A teaser for future research
The following piece is a script for a presentation I gave last year. It acts as an abridged version of research I began in 2022 on the topic of labor differentiation. The purpose of the research is to show how we can account for labor differentiation within the relations of capitalism outlined by Marx in Capital. In other words, I am seeking to explain how we can account for the production of phenomena such as racialization, gendering, migrant labor, and other processes of ‘differentiation’. It is also comments on broader issues of social theory and method, specifically debates about how we understand the relations between economics, politics and so on (e.g., base and superstructure).
Because this is essentially the script I used for the presentation, it will read as less as a typical post and more as though I was speaking. Changes were made in places which I feel did not express fully my intended arguments. This is a teaser for me posting the more in-depth research, which will come in the following months. Hopefully, it will get people interested in the topic. I hope to show the way I blend Marx’s critique of political economy and contemporary theories of differentiation in capitalism.
Today I’m going to discuss the observed realities of social differentiation between working-class subjects in the capitalist mode of production. Capitalism has shown over the past two centuries that the tendency to produce differentiated workers is all too apparent in its empirical manifestations. The task as those who wish to understand capitalism in order to change it, then becomes to explain in our theory the reason for the appearance of these phenomena. In other words, if capitalist social relations, through their subsumption of our social reproduction, consistently produce differentiated social subjects, how can we explain this theoretically?
To be clear, when I refer to subjectivities going forward, I am referring to concrete social actors and their socially embodied characteristics. This refers to existing concrete social subjects, in body and mind. Furthermore, social difference speaks to how these socio-material forms are articulated in ways that accentuate difference between subjects, particularly in a manner that determines the degree to which they can become victims of class exploitation. In other words, I am trying to answer as Gargi Bhattacharya asks:
“How such fictions of embodied otherness continue to play out in economic formations of a capitalism that seeks to reduce us all to opportunities for value extraction” (2018)
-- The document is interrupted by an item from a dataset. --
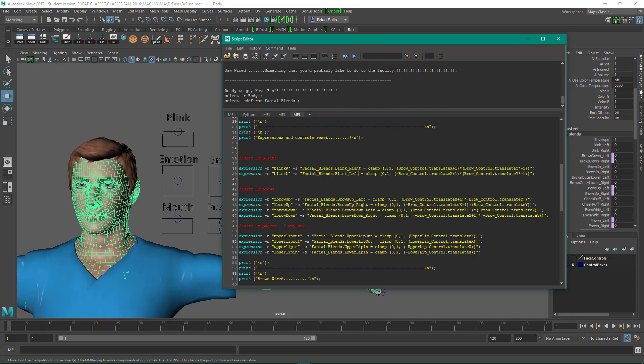So we're setting the facial blend blink left and right attributes to the values of our brow control based on x and y. The clamp command is going to clamp these values between zero and one. If you don't use it, you'll get wacky results.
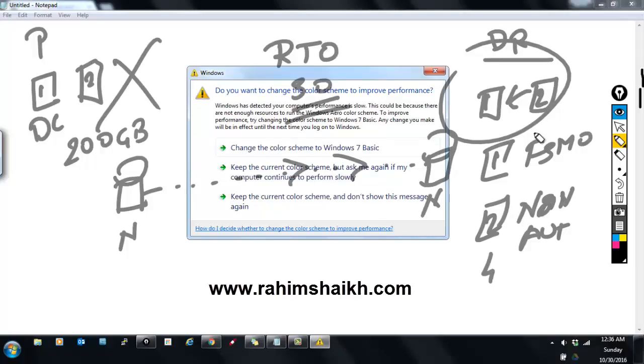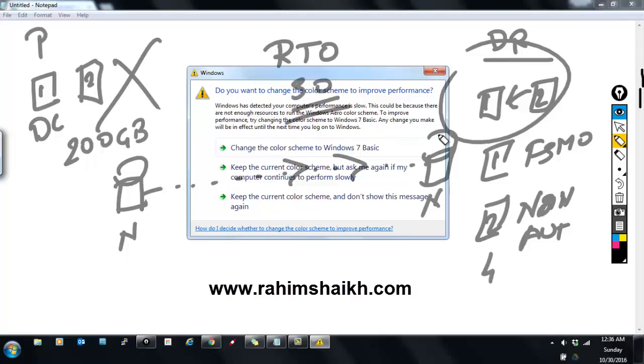This was the first introductory high-level architecture for DC disaster recovery planning. I will be sharing a few more thoughts in my next video. Keep watching, thank you so much. Please like and share my video and subscribe to my channel.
Or as Jason Read asks, how we can have:
“the extraction of wealth from a multitude of subjects that are constituted as basically interchangeable” (2003)
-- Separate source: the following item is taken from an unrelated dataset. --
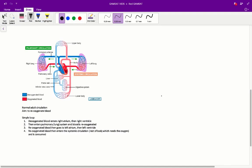Hi everyone, this is Justin and today I'll be running through the red ace of paper, specifically questions 1, 2, and 5.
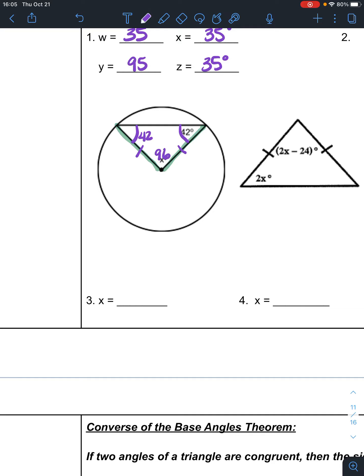The reason that circle is there is because you needed to know about the radius. The radius is the same all the way around the circle, regardless of where you draw it. The angles opposite those sides are the same. Triangles add up to 180. So X is 96.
To get at the heart of the issues in theorizing social difference and capitalist production, we need to peer deeper into questions of our mode of production. That’s because many of these issues of understanding labor differentiation allude to deeper questions of our method of scientific inquiry. Specifically, I am referring to the relationship between the so called ‘economic-base’ and ‘political-superstructure’, something that is (often unconsciously) in the background of many of these debates around the centrality of labor differentiation.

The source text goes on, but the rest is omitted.